Recorded data:
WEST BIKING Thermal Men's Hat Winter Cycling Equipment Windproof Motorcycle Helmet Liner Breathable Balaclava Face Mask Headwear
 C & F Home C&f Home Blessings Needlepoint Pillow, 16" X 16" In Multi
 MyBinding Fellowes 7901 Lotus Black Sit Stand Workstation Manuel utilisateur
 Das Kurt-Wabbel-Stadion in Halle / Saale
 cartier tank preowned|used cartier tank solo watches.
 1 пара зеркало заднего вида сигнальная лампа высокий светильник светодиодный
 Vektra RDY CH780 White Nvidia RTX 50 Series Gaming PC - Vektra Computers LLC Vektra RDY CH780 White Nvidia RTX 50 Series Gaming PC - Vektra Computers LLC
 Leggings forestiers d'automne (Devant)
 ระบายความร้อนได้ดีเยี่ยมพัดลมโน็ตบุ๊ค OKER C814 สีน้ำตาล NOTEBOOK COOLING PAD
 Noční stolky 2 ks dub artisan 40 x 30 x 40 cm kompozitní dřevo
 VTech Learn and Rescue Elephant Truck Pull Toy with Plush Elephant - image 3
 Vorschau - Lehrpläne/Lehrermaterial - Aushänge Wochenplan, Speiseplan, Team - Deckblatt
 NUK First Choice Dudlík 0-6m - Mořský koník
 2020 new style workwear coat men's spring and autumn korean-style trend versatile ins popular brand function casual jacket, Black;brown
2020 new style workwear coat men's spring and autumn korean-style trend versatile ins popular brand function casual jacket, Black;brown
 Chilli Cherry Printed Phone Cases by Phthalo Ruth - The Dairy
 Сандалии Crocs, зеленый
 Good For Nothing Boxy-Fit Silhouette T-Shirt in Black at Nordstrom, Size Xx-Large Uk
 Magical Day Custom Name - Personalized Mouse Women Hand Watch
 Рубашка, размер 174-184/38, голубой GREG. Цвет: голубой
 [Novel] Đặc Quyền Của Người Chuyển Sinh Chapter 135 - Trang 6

### WHAT THE EXERCISE ASKS
Would you please give all of the records again exactly as they stand?

### ANSWER BOX
WEST BIKING Thermal Men's Hat Winter Cycling Equipment Windproof Motorcycle Helmet Liner Breathable Balaclava Face Mask Headwear
 C & F Home C&f Home Blessings Needlepoint Pillow, 16" X 16" In Multi
 MyBinding Fellowes 7901 Lotus Black Sit Stand Workstation Manuel utilisateur
 Das Kurt-Wabbel-Stadion in Halle / Saale
 cartier tank preowned|used cartier tank solo watches.
 1 пара зеркало заднего вида сигнальная лампа высокий светильник светодиодный
 Vektra RDY CH780 White Nvidia RTX 50 Series Gaming PC - Vektra Computers LLC Vektra RDY CH780 White Nvidia RTX 50 Series Gaming PC - Vektra Computers LLC
 Leggings forestiers d'automne (Devant)
 ระบายความร้อนได้ดีเยี่ยมพัดลมโน็ตบุ๊ค OKER C814 สีน้ำตาล NOTEBOOK COOLING PAD
 Noční stolky 2 ks dub artisan 40 x 30 x 40 cm kompozitní dřevo
 VTech Learn and Rescue Elephant Truck Pull Toy with Plush Elephant - image 3
 Vorschau - Lehrpläne/Lehrermaterial - Aushänge Wochenplan, Speiseplan, Team - Deckblatt
 NUK First Choice Dudlík 0-6m - Mořský koník
 2020 new style workwear coat men's spring and autumn korean-style trend versatile ins popular brand function casual jacket, Black;brown
2020 new style workwear coat men's spring and autumn korean-style trend versatile ins popular brand function casual jacket, Black;brown
 Chilli Cherry Printed Phone Cases by Phthalo Ruth - The Dairy
 Сандалии Crocs, зеленый
 Good For Nothing Boxy-Fit Silhouette T-Shirt in Black at Nordstrom, Size Xx-Large Uk
 Magical Day Custom Name - Personalized Mouse Women Hand Watch
 Рубашка, размер 174-184/38, голубой GREG. Цвет: голубой
 [Novel] Đặc Quyền Của Người Chuyển Sinh Chapter 135 - Trang 6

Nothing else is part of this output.